• YOUR OBJECTIVE
Copy all lines containing the string "Cotton" from the records below.

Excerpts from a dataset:
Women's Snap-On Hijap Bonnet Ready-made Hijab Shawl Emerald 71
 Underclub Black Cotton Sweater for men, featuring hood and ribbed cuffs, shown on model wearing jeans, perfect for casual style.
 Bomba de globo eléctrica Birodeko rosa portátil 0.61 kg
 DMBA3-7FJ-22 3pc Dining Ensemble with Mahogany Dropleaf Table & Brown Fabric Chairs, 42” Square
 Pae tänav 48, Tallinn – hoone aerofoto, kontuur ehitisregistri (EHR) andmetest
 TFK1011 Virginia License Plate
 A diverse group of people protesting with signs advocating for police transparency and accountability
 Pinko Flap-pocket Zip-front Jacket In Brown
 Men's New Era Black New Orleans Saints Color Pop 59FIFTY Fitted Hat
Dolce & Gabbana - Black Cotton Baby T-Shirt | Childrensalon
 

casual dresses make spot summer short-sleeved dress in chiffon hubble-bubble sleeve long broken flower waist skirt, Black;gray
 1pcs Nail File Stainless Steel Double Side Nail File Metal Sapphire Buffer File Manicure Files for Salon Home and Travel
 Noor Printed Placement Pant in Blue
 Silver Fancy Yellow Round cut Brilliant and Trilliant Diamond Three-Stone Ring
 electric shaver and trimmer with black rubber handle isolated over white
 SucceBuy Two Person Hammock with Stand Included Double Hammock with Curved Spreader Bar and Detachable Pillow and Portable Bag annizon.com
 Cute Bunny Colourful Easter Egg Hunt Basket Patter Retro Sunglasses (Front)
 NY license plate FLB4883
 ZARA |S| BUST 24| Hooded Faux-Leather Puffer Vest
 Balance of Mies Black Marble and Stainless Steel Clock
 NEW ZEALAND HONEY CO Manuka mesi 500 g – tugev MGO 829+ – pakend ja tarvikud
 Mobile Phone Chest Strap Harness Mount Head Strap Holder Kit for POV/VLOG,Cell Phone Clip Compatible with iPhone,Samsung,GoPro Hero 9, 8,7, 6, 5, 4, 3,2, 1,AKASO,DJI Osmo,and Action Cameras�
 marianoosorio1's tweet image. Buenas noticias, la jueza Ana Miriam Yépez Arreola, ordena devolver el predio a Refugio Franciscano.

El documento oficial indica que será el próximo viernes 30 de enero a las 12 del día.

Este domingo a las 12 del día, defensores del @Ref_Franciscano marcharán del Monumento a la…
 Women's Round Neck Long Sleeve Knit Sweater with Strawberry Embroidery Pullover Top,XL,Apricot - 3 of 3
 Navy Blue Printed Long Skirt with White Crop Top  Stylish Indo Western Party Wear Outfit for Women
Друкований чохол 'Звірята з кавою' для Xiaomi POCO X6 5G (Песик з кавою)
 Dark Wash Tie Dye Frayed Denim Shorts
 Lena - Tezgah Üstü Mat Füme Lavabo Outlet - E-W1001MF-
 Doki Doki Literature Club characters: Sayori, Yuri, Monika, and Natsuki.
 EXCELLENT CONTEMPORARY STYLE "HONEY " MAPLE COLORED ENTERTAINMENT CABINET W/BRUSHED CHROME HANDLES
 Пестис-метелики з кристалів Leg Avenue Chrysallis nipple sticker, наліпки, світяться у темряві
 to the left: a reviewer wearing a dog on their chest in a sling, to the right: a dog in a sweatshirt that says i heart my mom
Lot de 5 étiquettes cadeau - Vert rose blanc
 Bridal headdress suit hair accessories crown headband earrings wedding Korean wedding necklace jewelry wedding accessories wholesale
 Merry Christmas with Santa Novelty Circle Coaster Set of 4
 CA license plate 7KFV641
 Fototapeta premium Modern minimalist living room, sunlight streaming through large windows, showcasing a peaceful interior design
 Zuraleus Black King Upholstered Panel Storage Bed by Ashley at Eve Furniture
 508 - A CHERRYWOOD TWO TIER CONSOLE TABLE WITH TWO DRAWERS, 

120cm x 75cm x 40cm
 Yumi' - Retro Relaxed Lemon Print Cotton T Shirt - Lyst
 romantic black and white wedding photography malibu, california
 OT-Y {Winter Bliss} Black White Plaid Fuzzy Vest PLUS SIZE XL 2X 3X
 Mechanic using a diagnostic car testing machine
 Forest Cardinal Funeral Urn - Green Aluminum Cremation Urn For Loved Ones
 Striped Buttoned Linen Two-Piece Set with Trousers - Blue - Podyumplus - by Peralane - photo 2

• WRITTEN SOLUTION
 Underclub Black Cotton Sweater for men, featuring hood and ribbed cuffs, shown on model wearing jeans, perfect for casual style.
Dolce & Gabbana - Black Cotton Baby T-Shirt | Childrensalon
 Yumi' - Retro Relaxed Lemon Print Cotton T Shirt - Lyst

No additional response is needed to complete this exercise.